TTIP (Transatlantic Trade and Investment Partnership): Nach zahllosen gescheiterten Anläufen verhandeln die zwei größten Wirtschaftsblöcke EU und USA seit 2013 erneut über ein Freihandelsabkommen. Nach dem Willen von Brüssel soll die Marktöffnung das ambitionierteste EU-Abkommen – jenes mit Südkorea von 2010 – übertreffen.

23 Staaten und Ländergruppen verhandeln seit 2012 in Genf über TISA (Trade in Services Agreement). Angeführt wird die Gruppe mit dem skurrilen Namen „wirklich gute Freunde (des Handels)“ von den USA und der EU. Die TISA–Vereinbarungen sollen so breit angelegt sein, dass sich möglichst viele unter dene 159 Mitgliedern der Welthandelsorganisation (WTO) anschließen.

Die WTO selbst steckt nämlich in einer tiefen Sinnkrise. Sie hat in zwanzig Jahren ihres Bestehens – seit dem GATS (General Agreement on Trade in Services) und der „Uruguay-Runde“ von WTO-Vorläufer GATT (General Agreement on Tariffs and Trade) im Jahr 1995 – nicht viel weitergebracht. Der Vorteil von sogenannten multilateralen Vereinbarungen (also unter allen WTO-Mitgliedern) wäre, dass sie gleiche und somit faire Voraussetzungen für alle schaffen. Sie stellen gewissermaßen einen Mindeststandard von Handelsregeln dar, der für alle verbindlich ist.

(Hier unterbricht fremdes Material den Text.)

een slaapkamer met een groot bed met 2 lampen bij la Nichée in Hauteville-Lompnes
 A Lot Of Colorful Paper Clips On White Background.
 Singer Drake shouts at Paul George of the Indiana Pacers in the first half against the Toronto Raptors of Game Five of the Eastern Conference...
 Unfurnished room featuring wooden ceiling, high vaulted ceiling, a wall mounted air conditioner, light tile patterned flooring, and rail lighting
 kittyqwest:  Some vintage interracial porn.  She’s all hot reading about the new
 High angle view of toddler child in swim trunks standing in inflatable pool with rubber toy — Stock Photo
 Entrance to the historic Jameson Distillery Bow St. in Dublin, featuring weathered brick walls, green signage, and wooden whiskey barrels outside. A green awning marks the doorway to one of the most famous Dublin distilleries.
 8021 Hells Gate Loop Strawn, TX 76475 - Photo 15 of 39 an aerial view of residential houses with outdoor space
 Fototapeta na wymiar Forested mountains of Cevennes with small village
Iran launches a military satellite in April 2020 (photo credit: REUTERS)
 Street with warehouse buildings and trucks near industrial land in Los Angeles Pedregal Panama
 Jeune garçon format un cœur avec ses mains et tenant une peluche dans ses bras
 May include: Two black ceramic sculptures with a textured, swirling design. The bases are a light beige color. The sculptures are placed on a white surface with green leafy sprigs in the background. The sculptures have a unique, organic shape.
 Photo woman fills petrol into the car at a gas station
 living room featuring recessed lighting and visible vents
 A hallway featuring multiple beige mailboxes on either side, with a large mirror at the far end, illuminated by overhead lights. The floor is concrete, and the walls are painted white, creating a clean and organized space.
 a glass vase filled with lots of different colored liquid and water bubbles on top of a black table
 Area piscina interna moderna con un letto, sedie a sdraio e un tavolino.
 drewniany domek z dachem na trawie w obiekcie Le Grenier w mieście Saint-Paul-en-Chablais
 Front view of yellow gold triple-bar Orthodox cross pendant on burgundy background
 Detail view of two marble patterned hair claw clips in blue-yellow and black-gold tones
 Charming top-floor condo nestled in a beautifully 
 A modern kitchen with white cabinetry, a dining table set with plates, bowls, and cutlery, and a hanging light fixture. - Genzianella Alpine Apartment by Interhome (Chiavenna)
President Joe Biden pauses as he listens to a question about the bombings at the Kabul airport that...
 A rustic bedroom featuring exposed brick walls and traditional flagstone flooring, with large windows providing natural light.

Oder besser gesagt, wäre. Denn die Verhandlungen zur sogenannten „Doha-Runde“ gelten als gescheitert (die Abkommen sind nach den Städten/Orten, wo der Auftakt stattfand, benannt). Doha war als ganz großer Wurf gedacht. Selbst das viel, viel bescheidenere „Bali-Abkommen“, das nur den Handel mit den Schwellenländern regeln wollte, hängt in der Luft. Es war seit Dezember 2013 fix ausverhandelt. Kurz vor Ablauf der Ratifizierungsfrist am 31. Juli 2014 brachte es Indien aber noch zu Fall. Und zwar, weil das riesige Schwellenland keine Zugeständnisse bei seinen Lebensmittelvorräten machen wollte. Jetzt scheinen sich die USA und Indien in diesem heiklen Punkt doch noch geeinigt zu haben - es soll einen neuen Anlauf für „Bali" geben.

TPP (Trans-Pacific Partnership): Die USA verhandeln nicht nur mit der EU ein Freihandelsabkommen, sondern seit 2005 auch mit elf Pazifikstaaten, darunter Australien, Japan, Chile, Malaysien und Kanada. China und Südkorea haben nur vages Interesse bekundet. US-Präsident Obama sieht TPP als Leuchtturmprojekt seiner Amtszeit.